CMake can build a compilation database for you. However, the default generated one is not too useful as it operates on the generated files. When running make, the build system will create another compile_commands.json file in the source directory. This can than be used for tools like CCLS, CQuery, etc. This way you can get code-completion and code navigation in flow. It is not yet perfect (it will show a few errors) but we are constantly working on improving the development experience.

CMake will not produce a compile_commands.json, you must pass -DCMAKE_EXPORT_COMPILE_COMMANDS=ON. This also enables the target processed_compile_commands, which rewrites compile_commands.json to describe the actor compiler source file, not the post-processed output files, and places the output file in the source directory. This file should then be picked up automatically by any tooling.

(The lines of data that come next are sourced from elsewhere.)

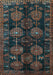 Persian Light Blue Traditional Rug, tr2792lblu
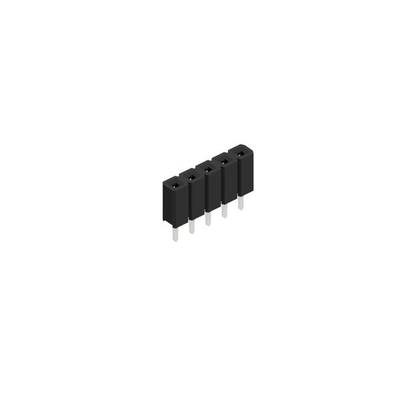 Fischer Elektronik SIL socket (standard) No. of rows: 1 10026932 10 pc(s)-0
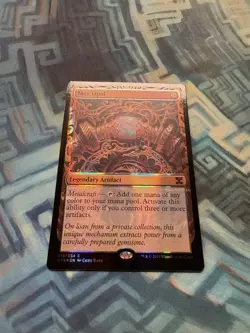 MTG Foil Mox Opal NM- Masterpiece Series: Kaladesh Inventions - Image 2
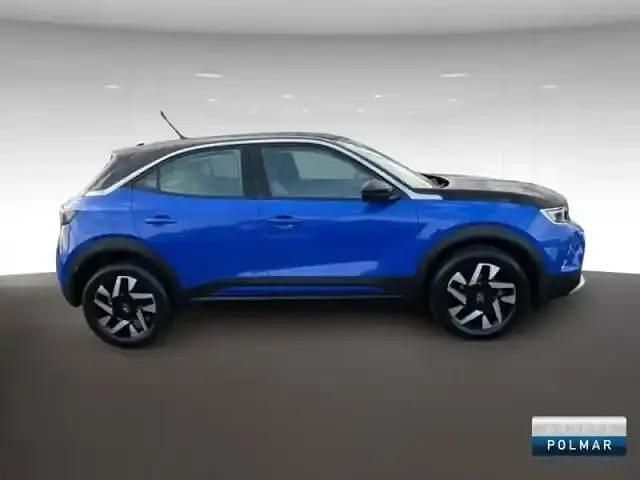 Occasion Opel Mokka Elegance 2021 Bleu volt/toit noir perla nera métal SUV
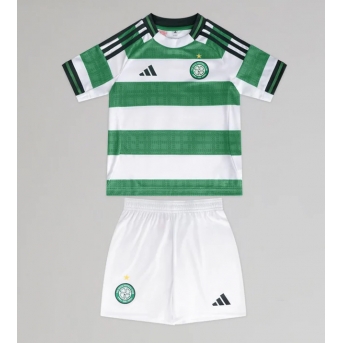 Billige Fotballdrakt Celtic Replika Hjemmedraktsett Barn 2025-26 Kortermet (med bukser)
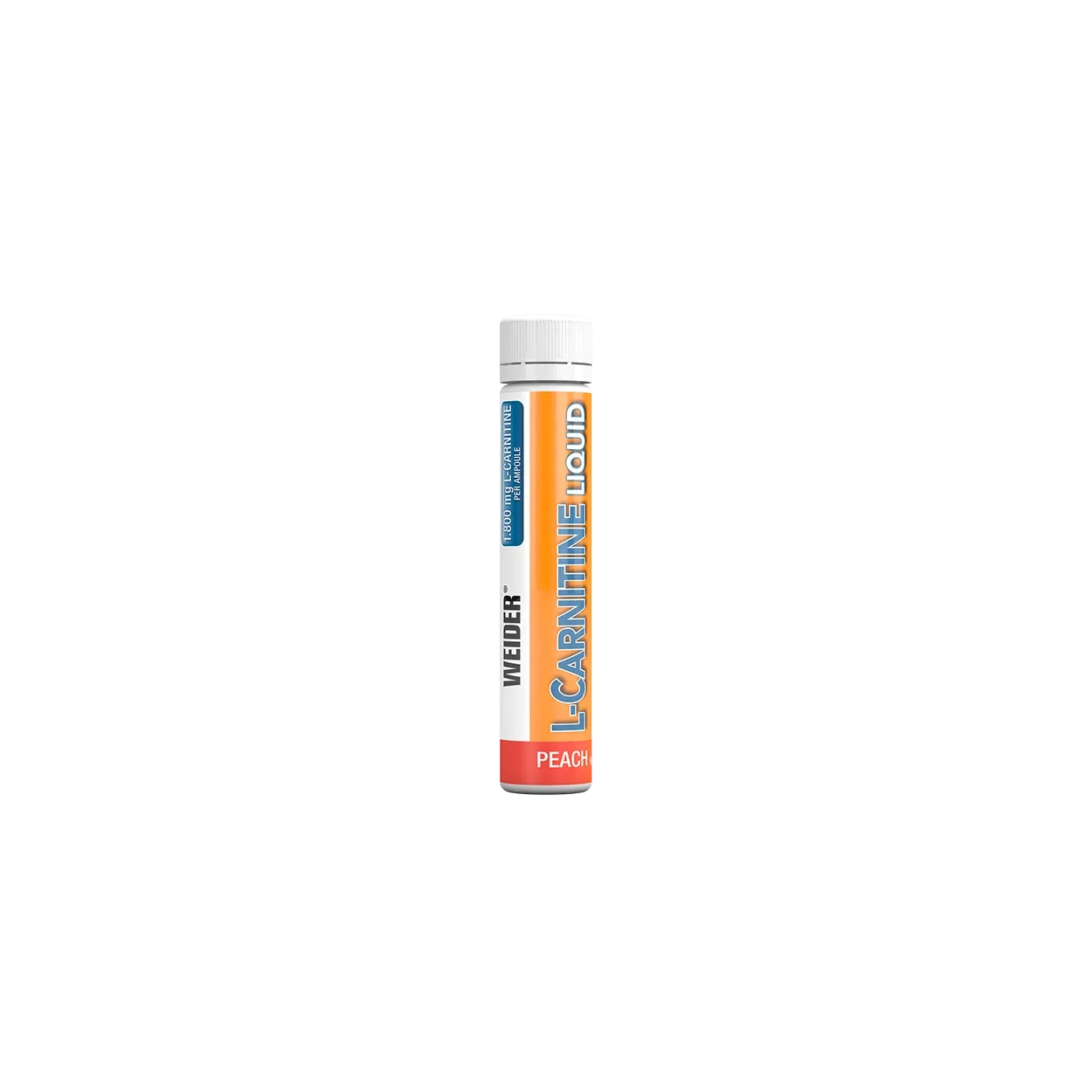 Weider L-Carnitine Liquid ampoules Citrus 20 x 25 ml Carnipure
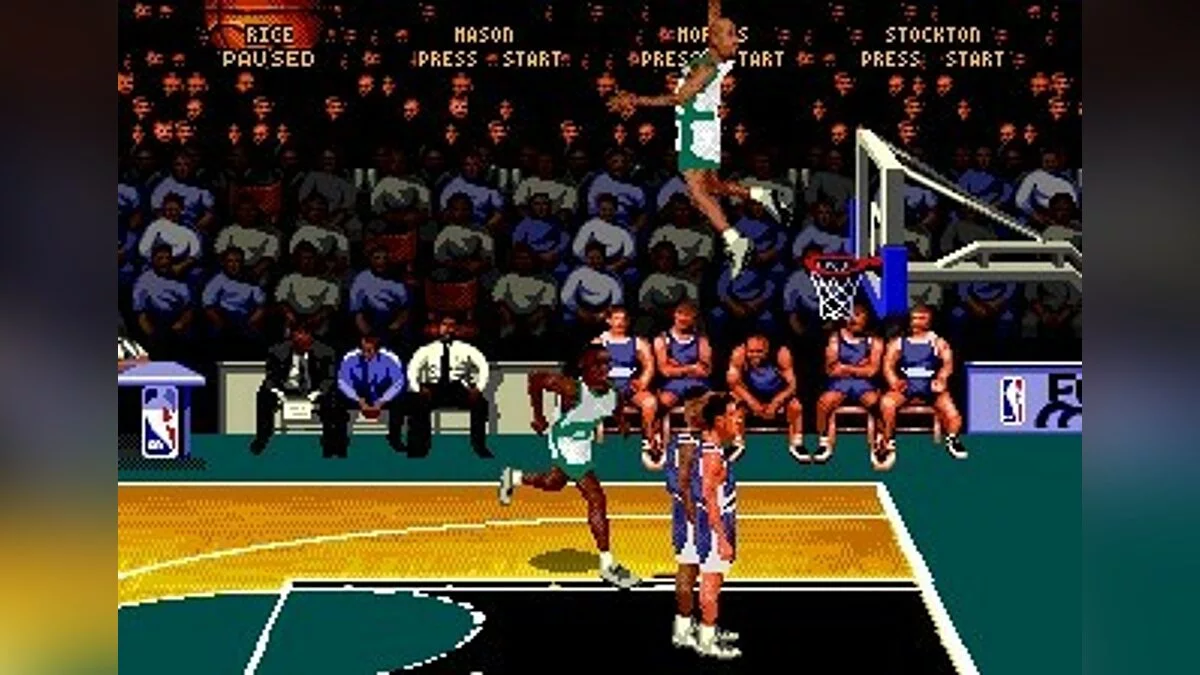 Скриншоты из NBA Hangtime / Картинка 28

Note that if building inside of the foundationdb/build docker image, the resulting paths will still be incorrect and require manual fixing. One will wish to re-run cmake with -DCMAKE_EXPORT_COMPILE_COMMANDS=OFF to prevent it from reverting the manual changes.

Using IDEs

CMake has built in support for a number of popular IDEs. However, because flow files are precompiled with the actor compiler, an IDE will not be very useful as a user will only be presented with the generated code - which is not what she wants to edit and get IDE features for.

The good news is, that it is possible to generate project files for editing flow with a supported IDE. There is a CMake option called OPEN_FOR_IDE which will generate a project which can be opened in an IDE for editing. You won't be able to build this project, but you will be able to edit the files and get most edit and navigation features your IDE supports.

For example, if you want to use XCode to make changes to FoundationDB you can create a XCode-project with the following command:

cmake -G Xcode -DOPEN_FOR_IDE=ON <FDB_SOURCE_DIRECTORY>

You should create a second build-directory which you will use for building and debugging.

FreeBSD

  1. Check out this repo on your server.

  2. Install compile-time dependencies from ports.

  3. (Optional) Use tmpfs & ccache for significantly faster repeat builds

  4. (Optional) Install a JDK for Java Bindings. FoundationDB currently builds with Java 8.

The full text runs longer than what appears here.